A loophole in the World Bank’s policy protecting indigenous communities could allow governments around the world to displace locals in the path of agricultural development without restoring their livelihoods.
Last year, after fierce protests from human rights groups, the World Bank retreated from a proposal that would have allowed its borrowers to sidestep its rules for protecting indigenous communities. Now the World Bank’s board has granted a massive agribusiness project in East Africa a waiver that exempts it from following the bank’s Indigenous Peoples Policy—sparking fears that the development lender is making an end run to resurrect a policy that it abandoned in public. “It seems like a back door opt-out clause,” said Nadia Daar, a policy advisor for Oxfam International who specializes in the World Bank. “We’re concerned that this is setting a precedent.”…

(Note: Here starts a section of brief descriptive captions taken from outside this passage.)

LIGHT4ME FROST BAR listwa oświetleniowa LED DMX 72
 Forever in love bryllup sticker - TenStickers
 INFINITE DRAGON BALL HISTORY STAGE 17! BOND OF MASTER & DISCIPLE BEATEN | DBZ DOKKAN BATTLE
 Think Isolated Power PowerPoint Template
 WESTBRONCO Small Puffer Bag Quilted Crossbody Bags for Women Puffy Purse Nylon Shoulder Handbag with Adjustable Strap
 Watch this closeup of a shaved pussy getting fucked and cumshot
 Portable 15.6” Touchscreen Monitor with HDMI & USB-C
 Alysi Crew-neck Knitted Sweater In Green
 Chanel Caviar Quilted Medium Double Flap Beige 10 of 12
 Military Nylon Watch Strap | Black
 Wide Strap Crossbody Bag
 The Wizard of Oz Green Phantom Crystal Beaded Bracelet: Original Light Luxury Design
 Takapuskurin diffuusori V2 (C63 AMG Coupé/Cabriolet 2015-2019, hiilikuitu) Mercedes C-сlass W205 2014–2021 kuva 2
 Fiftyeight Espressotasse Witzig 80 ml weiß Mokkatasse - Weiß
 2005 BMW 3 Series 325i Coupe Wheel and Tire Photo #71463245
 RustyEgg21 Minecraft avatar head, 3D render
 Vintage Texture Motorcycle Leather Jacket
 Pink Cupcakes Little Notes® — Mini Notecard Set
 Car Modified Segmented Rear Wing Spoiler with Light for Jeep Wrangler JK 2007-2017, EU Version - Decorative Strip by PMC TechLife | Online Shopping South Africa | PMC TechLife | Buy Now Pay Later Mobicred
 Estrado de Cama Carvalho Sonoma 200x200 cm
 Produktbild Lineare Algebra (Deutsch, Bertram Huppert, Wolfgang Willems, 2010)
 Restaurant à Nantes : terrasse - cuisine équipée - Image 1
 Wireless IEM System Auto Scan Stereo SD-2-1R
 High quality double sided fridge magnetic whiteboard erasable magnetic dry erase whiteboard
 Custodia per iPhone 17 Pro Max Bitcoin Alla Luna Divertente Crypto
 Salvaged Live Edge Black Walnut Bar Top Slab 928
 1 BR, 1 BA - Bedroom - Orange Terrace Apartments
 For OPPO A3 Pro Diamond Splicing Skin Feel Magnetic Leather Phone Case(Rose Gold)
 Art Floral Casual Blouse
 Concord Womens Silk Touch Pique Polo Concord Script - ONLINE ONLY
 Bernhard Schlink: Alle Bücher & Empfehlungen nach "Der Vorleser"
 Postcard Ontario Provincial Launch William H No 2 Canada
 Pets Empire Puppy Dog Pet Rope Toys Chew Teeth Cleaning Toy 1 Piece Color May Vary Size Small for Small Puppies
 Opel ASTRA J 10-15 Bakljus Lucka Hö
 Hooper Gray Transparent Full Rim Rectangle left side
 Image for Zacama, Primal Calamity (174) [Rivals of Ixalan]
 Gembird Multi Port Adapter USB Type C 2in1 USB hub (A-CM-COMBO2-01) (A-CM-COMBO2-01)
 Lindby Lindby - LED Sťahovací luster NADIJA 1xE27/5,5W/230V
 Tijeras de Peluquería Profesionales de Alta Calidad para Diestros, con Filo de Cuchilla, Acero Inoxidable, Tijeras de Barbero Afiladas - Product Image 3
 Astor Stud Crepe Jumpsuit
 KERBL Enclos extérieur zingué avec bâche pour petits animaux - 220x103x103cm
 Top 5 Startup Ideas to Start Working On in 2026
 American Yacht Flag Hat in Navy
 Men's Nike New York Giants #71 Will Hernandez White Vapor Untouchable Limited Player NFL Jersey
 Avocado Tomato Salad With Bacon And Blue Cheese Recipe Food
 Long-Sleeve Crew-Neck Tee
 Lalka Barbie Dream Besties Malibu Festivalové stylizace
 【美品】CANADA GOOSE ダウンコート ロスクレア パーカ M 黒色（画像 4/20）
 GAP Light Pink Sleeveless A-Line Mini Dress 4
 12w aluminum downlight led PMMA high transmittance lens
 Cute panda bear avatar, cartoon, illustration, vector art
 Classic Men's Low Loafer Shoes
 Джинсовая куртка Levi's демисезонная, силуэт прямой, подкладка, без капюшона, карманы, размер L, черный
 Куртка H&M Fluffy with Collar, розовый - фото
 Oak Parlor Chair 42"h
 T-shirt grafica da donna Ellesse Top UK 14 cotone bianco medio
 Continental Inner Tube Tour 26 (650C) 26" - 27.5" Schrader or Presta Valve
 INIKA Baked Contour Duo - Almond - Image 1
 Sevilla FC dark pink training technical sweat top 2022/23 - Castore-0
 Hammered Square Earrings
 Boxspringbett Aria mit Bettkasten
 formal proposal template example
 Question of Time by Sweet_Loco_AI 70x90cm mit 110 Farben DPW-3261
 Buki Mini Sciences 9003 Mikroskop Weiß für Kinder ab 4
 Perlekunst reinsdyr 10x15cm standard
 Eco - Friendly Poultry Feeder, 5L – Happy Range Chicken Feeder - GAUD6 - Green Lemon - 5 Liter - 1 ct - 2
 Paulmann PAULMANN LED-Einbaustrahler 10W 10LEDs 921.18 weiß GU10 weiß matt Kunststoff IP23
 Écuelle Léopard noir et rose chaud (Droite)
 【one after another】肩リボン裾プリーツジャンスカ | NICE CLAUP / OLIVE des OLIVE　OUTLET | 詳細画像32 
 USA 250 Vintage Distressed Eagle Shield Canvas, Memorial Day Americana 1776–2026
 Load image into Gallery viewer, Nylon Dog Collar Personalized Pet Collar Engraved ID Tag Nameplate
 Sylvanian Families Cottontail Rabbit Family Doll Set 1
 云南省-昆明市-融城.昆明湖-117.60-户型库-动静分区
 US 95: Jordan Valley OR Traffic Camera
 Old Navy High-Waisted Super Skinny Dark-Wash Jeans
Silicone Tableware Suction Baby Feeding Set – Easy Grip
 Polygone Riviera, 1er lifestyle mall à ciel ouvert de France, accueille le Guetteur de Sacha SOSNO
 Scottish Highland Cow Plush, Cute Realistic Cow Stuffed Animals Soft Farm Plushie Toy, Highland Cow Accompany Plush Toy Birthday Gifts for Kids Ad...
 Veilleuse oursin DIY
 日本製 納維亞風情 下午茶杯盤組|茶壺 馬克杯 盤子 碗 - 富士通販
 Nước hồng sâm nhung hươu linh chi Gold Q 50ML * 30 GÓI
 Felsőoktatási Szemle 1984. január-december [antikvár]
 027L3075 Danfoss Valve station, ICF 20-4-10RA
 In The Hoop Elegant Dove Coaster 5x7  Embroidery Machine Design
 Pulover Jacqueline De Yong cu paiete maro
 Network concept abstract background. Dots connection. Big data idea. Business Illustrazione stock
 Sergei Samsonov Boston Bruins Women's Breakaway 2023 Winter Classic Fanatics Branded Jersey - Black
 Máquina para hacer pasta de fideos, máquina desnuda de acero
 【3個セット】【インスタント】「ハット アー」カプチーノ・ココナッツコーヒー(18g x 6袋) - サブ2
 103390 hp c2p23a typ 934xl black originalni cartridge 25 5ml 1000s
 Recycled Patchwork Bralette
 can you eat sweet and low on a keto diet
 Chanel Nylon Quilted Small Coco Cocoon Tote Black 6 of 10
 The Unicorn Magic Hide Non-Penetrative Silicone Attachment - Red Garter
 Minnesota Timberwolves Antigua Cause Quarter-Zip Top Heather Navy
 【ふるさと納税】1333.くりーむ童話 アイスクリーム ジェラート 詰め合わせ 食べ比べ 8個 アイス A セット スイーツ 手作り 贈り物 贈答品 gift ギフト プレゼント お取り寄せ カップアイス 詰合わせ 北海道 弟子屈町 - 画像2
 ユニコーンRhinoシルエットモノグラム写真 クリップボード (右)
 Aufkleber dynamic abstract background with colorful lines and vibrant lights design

At issue is a $70 million World Bank loan for the Southern Agricultural Growth Corridor of Tanzania, or SAGCOT, a Tanzanian government initiative designed to encourage foreign investment in commercial agriculture. Some of the fertile agricultural lands that SAGCOT is transferring to investors are being cleared by evictions of cattle herders in the Barabaig, Maasai and other indigenous communities.